══ Extracted material ══

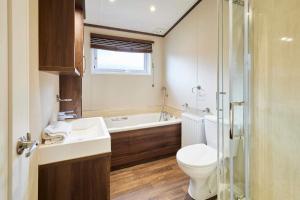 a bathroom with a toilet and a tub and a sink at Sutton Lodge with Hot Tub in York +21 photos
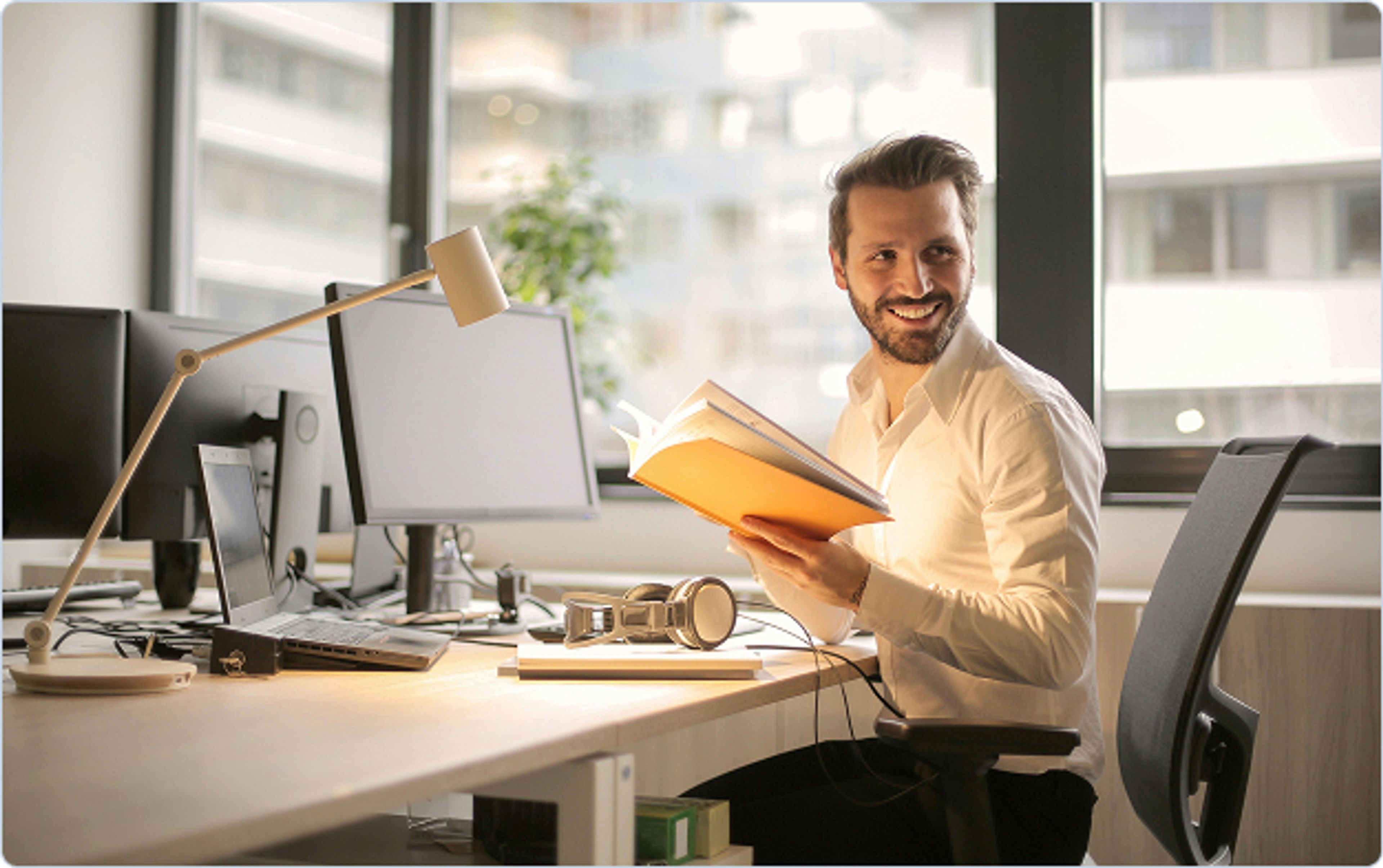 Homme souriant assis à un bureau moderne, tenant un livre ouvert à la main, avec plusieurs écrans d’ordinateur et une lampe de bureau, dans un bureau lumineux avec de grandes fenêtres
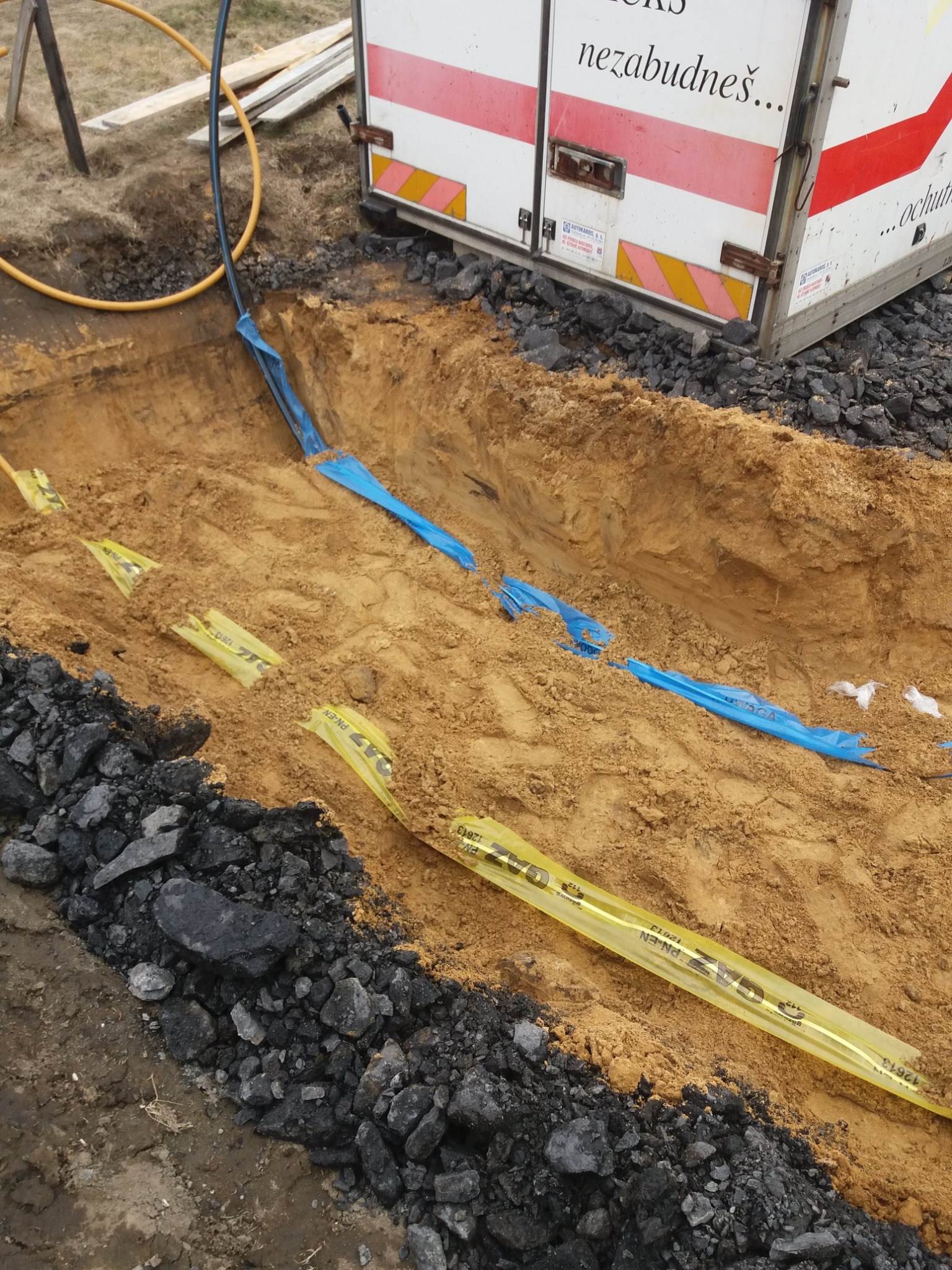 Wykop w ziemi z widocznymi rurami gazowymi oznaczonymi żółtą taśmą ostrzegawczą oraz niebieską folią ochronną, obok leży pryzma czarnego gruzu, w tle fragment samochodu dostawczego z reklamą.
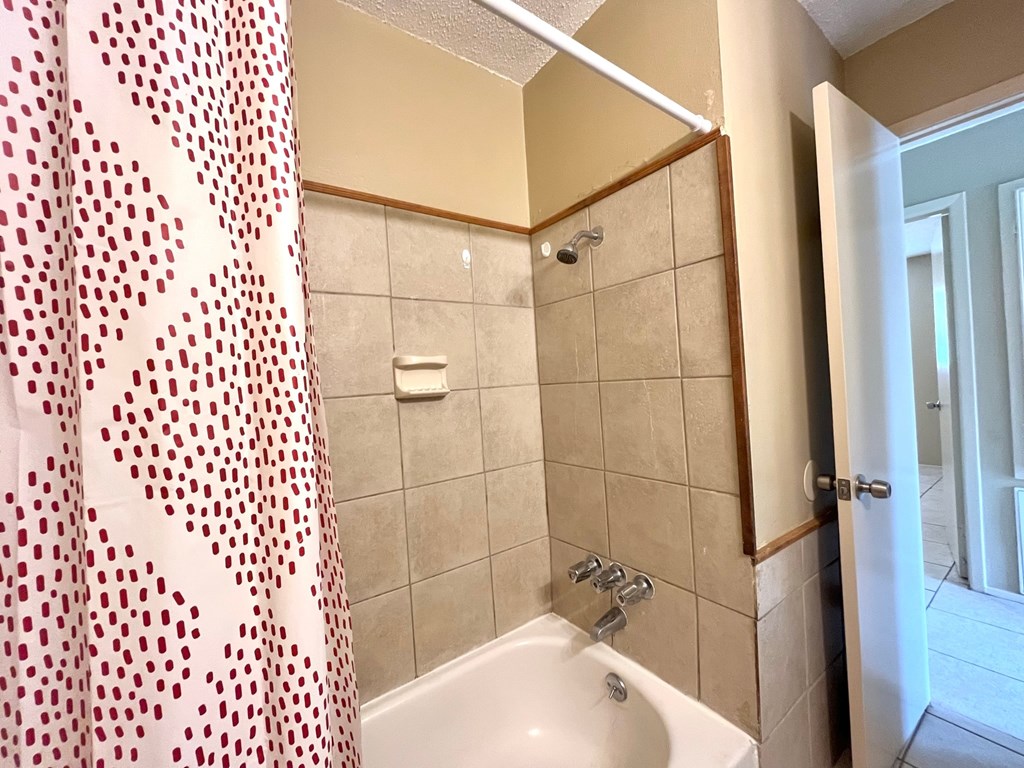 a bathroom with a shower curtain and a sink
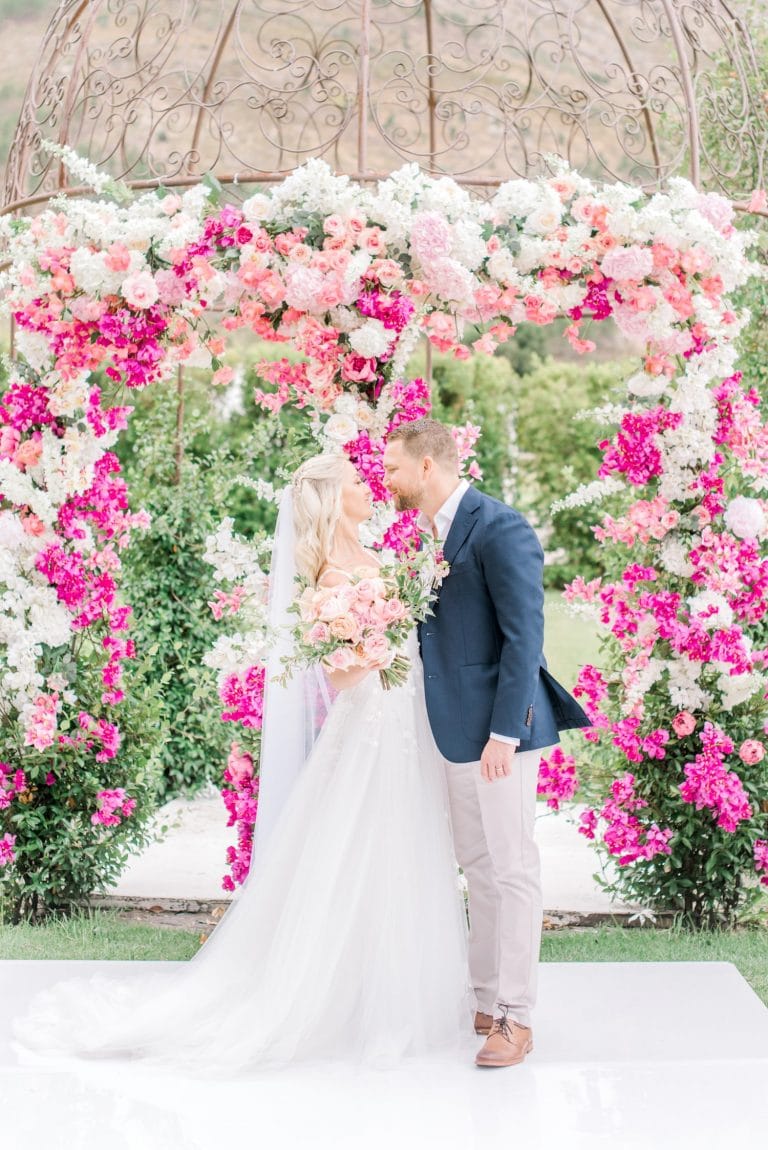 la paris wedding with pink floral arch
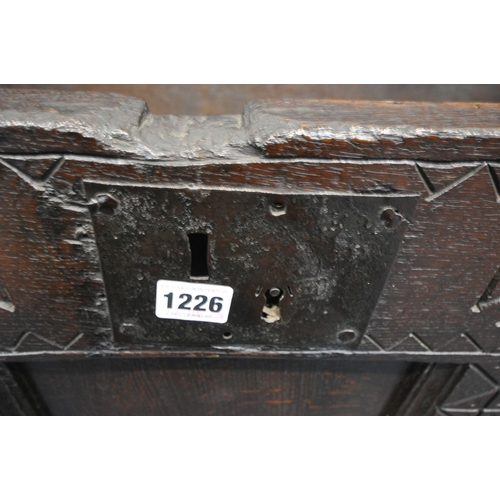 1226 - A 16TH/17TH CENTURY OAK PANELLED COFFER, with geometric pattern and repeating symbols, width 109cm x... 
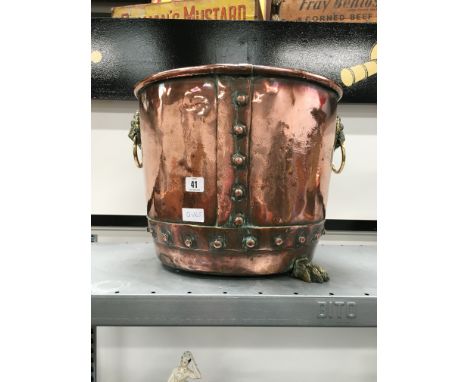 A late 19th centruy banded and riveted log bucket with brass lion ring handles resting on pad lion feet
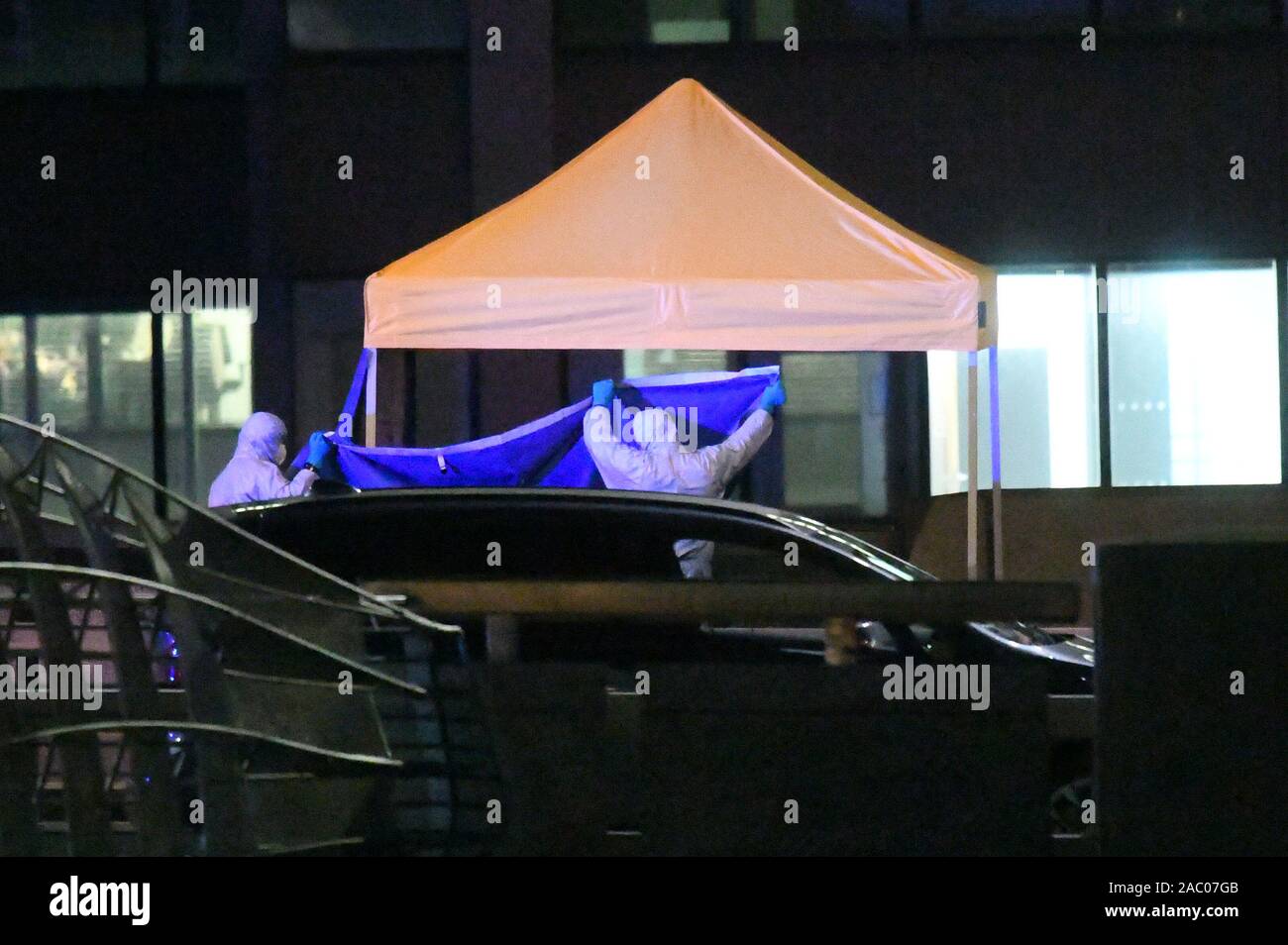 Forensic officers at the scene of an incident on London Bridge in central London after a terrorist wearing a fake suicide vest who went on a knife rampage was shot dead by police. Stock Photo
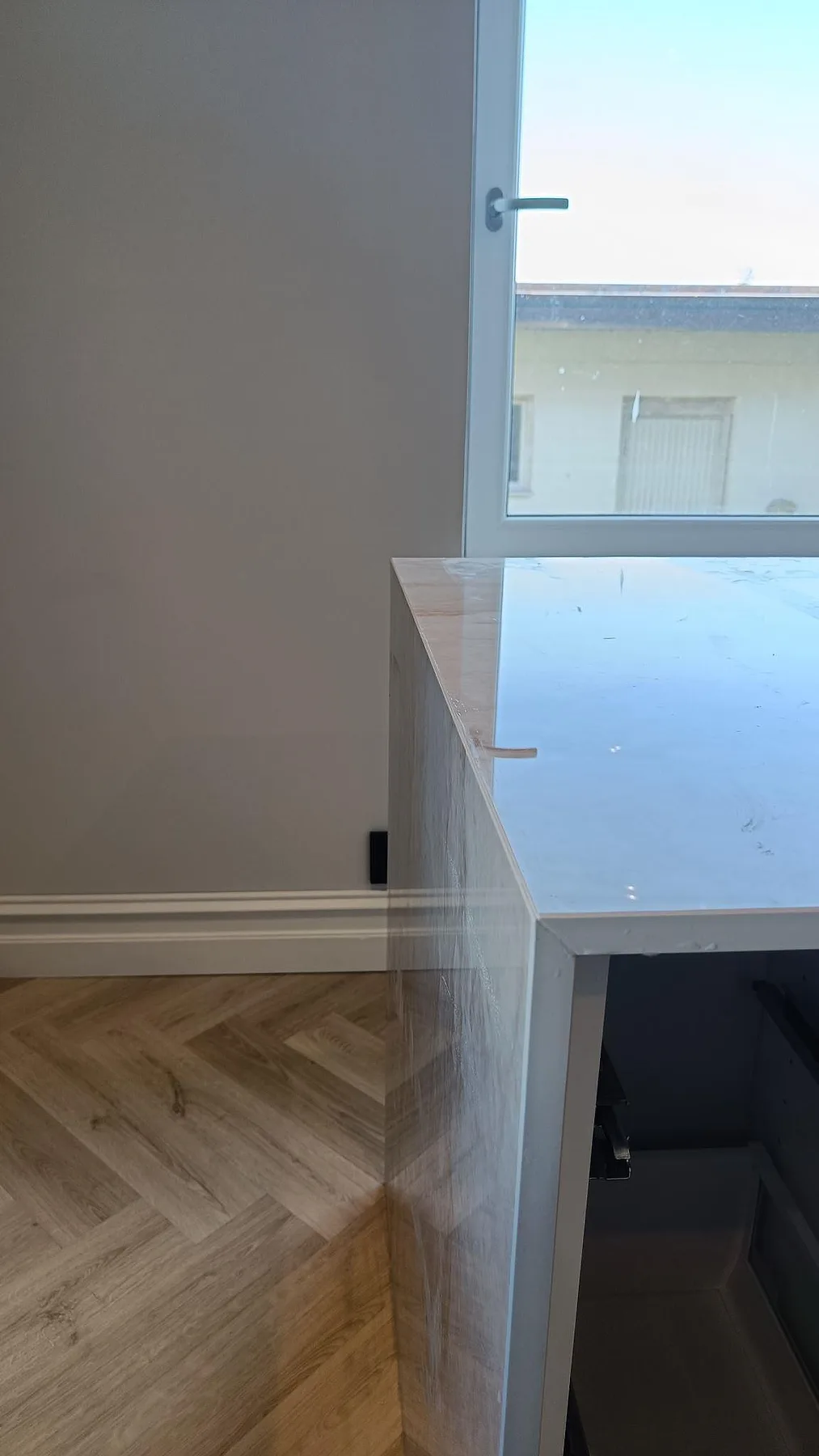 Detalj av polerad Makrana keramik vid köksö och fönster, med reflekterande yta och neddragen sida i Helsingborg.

═══

Start at the line that contains "1226 - A 16TH/17TH" and retype every line through the end of the entries above, both ends included. Exclude all pictures.

### Output for this exercise:
 1226 - A 16TH/17TH CENTURY OAK PANELLED COFFER, with geometric pattern and repeating symbols, width 109cm x... 
 A late 19th centruy banded and riveted log bucket with brass lion ring handles resting on pad lion feet
 Forensic officers at the scene of an incident on London Bridge in central London after a terrorist wearing a fake suicide vest who went on a knife rampage was shot dead by police. Stock Photo
 Detalj av polerad Makrana keramik vid köksö och fönster, med reflekterande yta och neddragen sida i Helsingborg.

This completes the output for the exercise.